This represents the overall model for all paths that can be taken for designed conversation. It contains the definitions for all intents, utterances, and entities.

In essence, this is a large state diagram that can be executed to drive a conversational experience.

Voiceflow specific terms

Workspace

A collection of agents shared between multiple collaborators. Each collaborator has their own role within a Workspace which applies to all contained agents.

Agent

Refers to one project in your Workspace. Also used interchangeably with the term “assistant” and “project”. A “codebase” for a Voiceflow application. Each Project is made up of NLU training, response and logic data. Response and logic data are represented by flows, topics, and components.

Diagram

The technical word for the flows that your agent contains. Each Diagram can contain references to multiple Blocks, Steps, Links, and Ports. This graph structure is used as the basis for more concrete concepts, such as Topics and Components. Diagrams can be referenced by the Steps that appear within them or other Diagrams in the same Project.

Workflow

Workflows are the non-technical word for Diagram.

Workflows are used for organizing agents as well as for encapsulation.
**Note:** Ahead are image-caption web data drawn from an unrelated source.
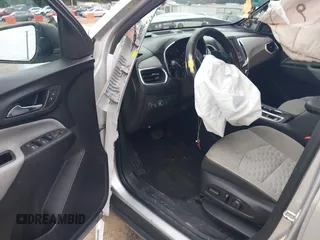 2021 Chevrolet Equinox LS with VIN 3GNAXHEV3MS135238, listed as a IAAI auction lot 40353517 with 109,008 mi miles. Bid and sale history available at carsss.com. Image 5.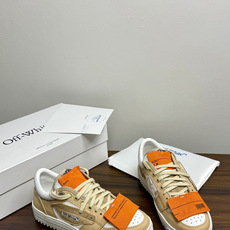 Off-White 26ss 经典配色。皮革 ➕冲孔鞋面拼接,鞋侧有 Off-White 标志性文字标签,超级大吊牌 Off-White 26ss 经典配色。皮革 ➕冲孔鞋面拼接,鞋侧有 Off-White 标志性文字标签,超级大吊牌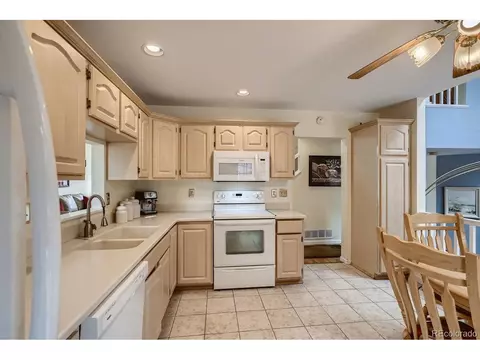 4155 E 130th Pl, Thornton, CO 80241 photo 11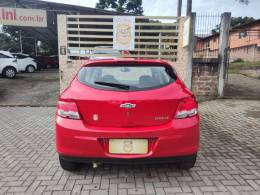 CHEVROLET - ONIX - 2014/2014 - Vermelha - R$ 45.900,00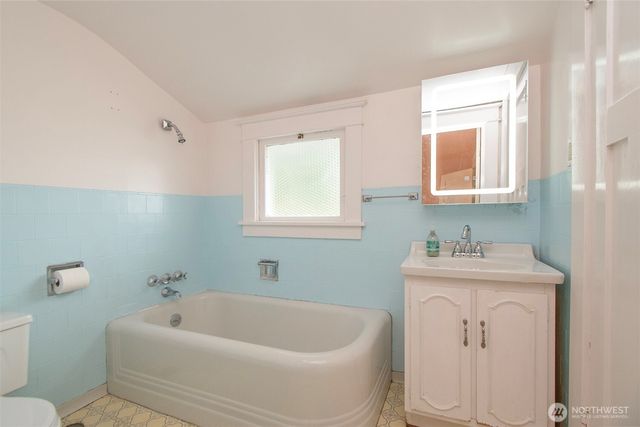 1224 S Oak Street, Port Angeles, WA 98362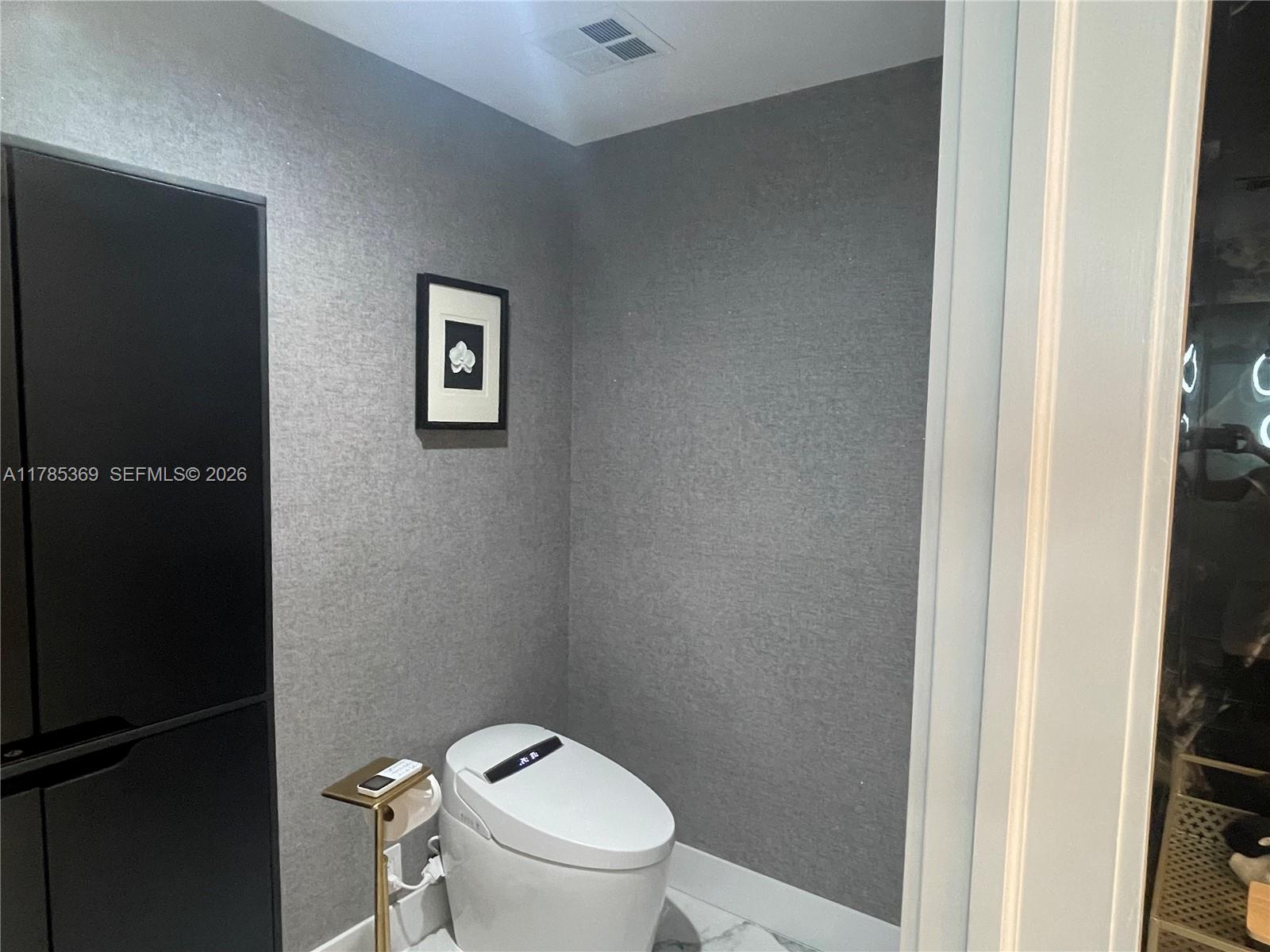 Photo of 3101 Ocean Dr  #1707, Hollywood, Florida, 33019 - 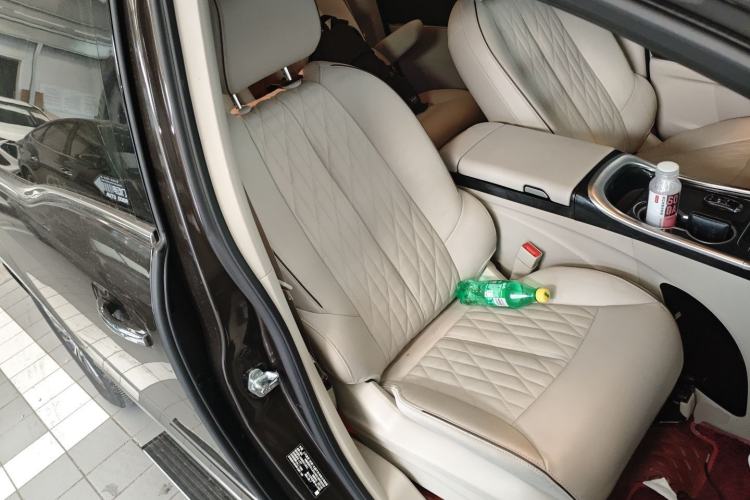 Used Buick GL8 2021 Land Cruiser Executive 652T Premium Model
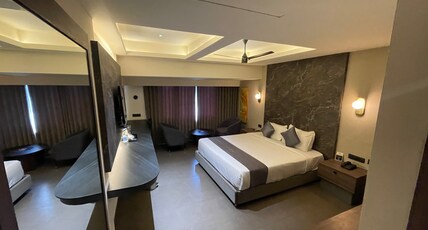 Hotel Paramount Tower Room Type - Executive Deluxe Room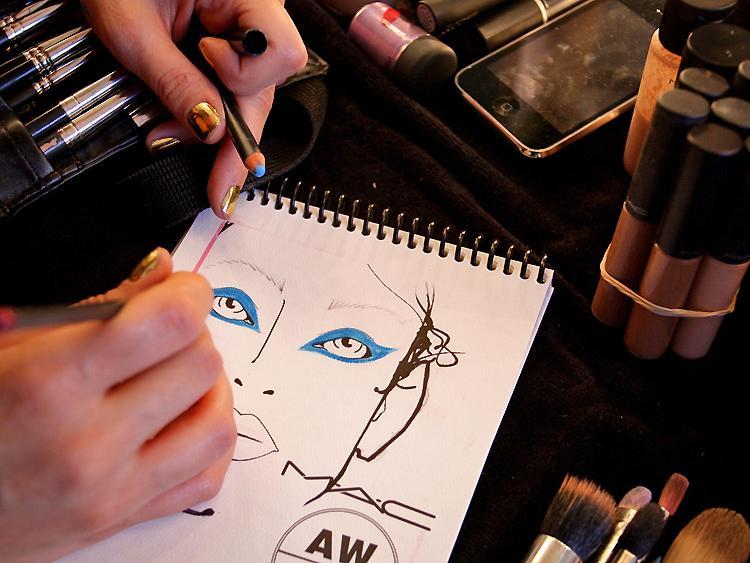 <a><img src="https://www.theepochtimes.com/assets/uploads/2015/09/113608843.jpg" alt="Detail of a makeup plan at a spring fashion show. If you are putting a pop of color on your eyes, wearing an equally bright lipstick may be too much, but balance is key. (Lisa Maree Williams/Getty Images)" title="Detail of a makeup plan at a spring fashion show. If you are putting a pop of color on your eyes, wearing an equally bright lipstick may be too much, but balance is key. (Lisa Maree Williams/Getty Images)" width="320" class="size-medium wp-image-1804371"/></a>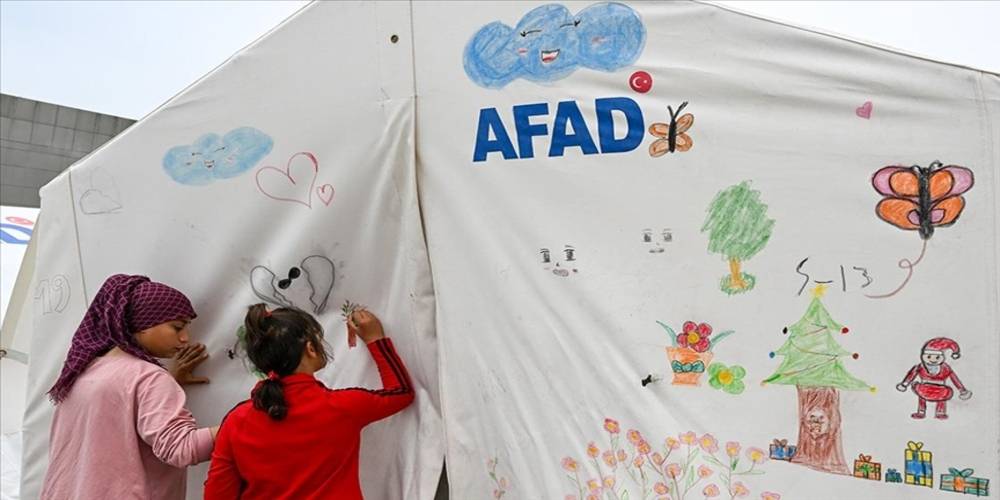 Hataylı afetzede çocuklar, kaldıkları çadır kenti resimleriyle renklendiriyor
Every Workflow other than the “Home” Workflow has its own separate set of variables. The “Home” workflow must contain a start Block which is the entry point for the conversation.

Component

Components are a type of Diagram.

Components are used for creating reusable logic and functionality. A single Component can be referenced multiple times throughout a Project.

Diagrams vs. Programs

Diagrams can be thought of as the source code of a Project. A Project is visually represented in the Canvas as linked Blocks and Steps. A Diagram is the data structure behind this view and is stored in MongoDB.

Programs can be thought of as the “compiled” code of a Project, which gets executed by our runtime services. As an analogy, in C++, Diagrams are like .cc source code files and Programs are the compiled .exe executables.

Variable

Used to store any runtime information for the connected agent. It can be accessed from the code Step for direct manipulation, or through the set and condition Steps for simpler operations.

Canvas

The container that renders all the Blocks, Steps, Links, and Ports. It allows panning and zooming and many more advanced interactions.

Block

A container for one or more Steps. Each Step is implicitly linked to the next one to form a sequence of operations.

Step

The smallest unit of user-defined functionality in the platform. Each Step along a path will be executed sequentially during a conversation.

Port

The starting point for drawing Links between Steps. Some Steps have a configurable number of Ports while others have no Ports at all.

Link

Used to connect a Port to another Step or Block. Links allows Steps that are not in the same Block to be executed in sequence. Some Steps have logic that allow for multiple Links to be defined, each with its own target Step.